My expansive, inconceivable love for Willow has changed me from deep inside. I realize that it is different for every mother. My clutching, relentless love for my daughter is felt in other ways. I never said or never meant that it is the same for us all or that it should be. I wrote a post on this blog about the surprising ways Willow changed my scary vision of motherhood. Enough people agreed that it got shared and shared, republished in many languages. But enough people dragged me out into the Town Square with torture devices in hand to let me know that my views on the newborn days were false, sappy, and worthy of bodily injury.

I have grown up this year and my blog has grown with me. I have started to realize (finally, honestly, truthfully) that it does not matter. Not everyone is going to agree with what I write, and not everyone is going to appreciate it. I honor and respect the different ways in which you experience motherhood (and life) and I do not intend to strip that down or make you feel like you do not have a friend in me, because you do.


Sometimes I wish that the particular way in which I loved Willow was different. I would get a lot more sleep if I could forgive myself at the end of the day for any eye roll I had let slip during a tantrum. If I could get over the fact that I did spend 20 minutes catching up with a friend via text instead of sounding out the names of colors and shapes that afternoon, letting my eleven-month-old play quietly at my feet.

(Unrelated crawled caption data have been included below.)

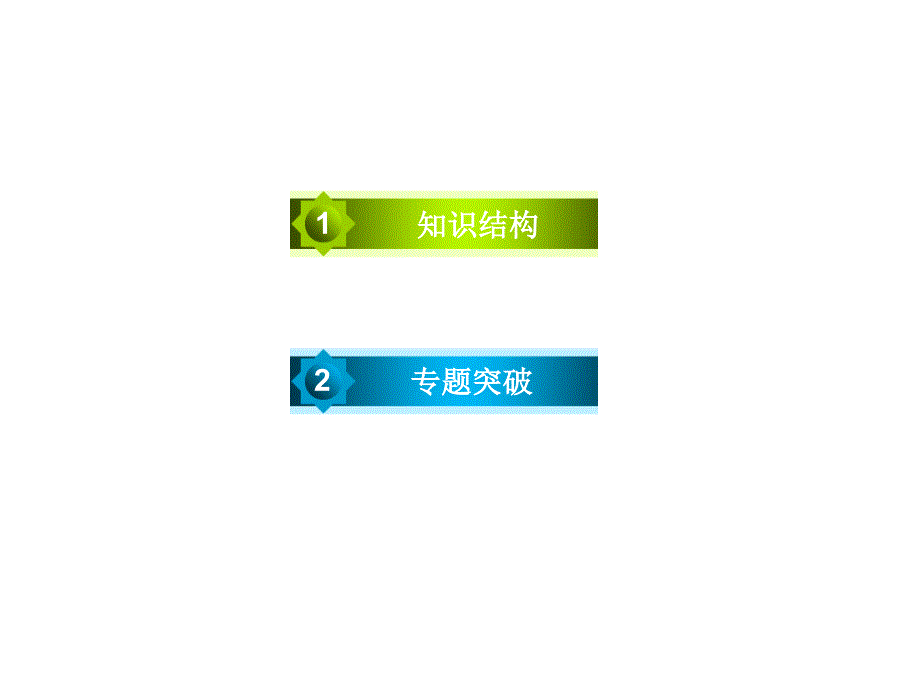 高中数学人教A版 必修二同步课件：章末总结2第二章 点、直线、平面之间的位置关系_第3页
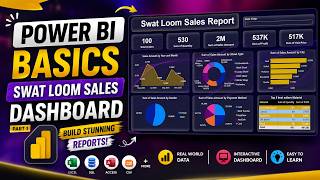 Power BI Tutorial for Beginners | Sales Dashboard Design Full Guide | Part 1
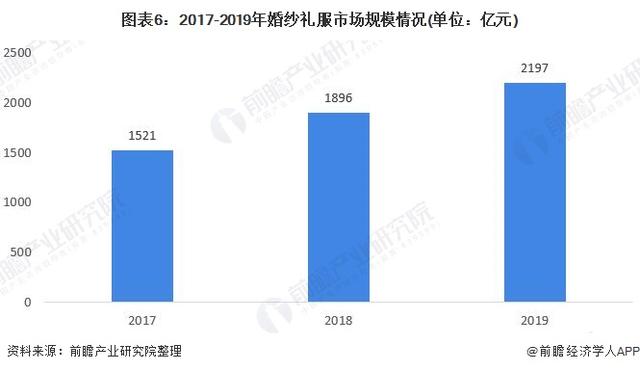 产业链分析：一体化婚庆服务趋势蔓延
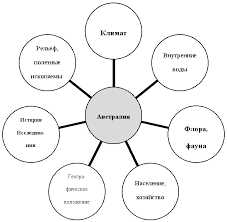4. Притяжение к уникальности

There is another side to savoring the baby days, is what I am getting at in a very roundabout way. There is a way that clutches your soul and pushes your limits and makes you doubt every move that you make, every word you say. I will never look back and say I didn’t savor my daughter’s babyhood. In fact, I did the opposite. I held on so tightly to each moment that I trapped myself in a painful cycle. I haven’t wished away a single moment. I do wish, though, that I had spent fewer of them crying over their very passing.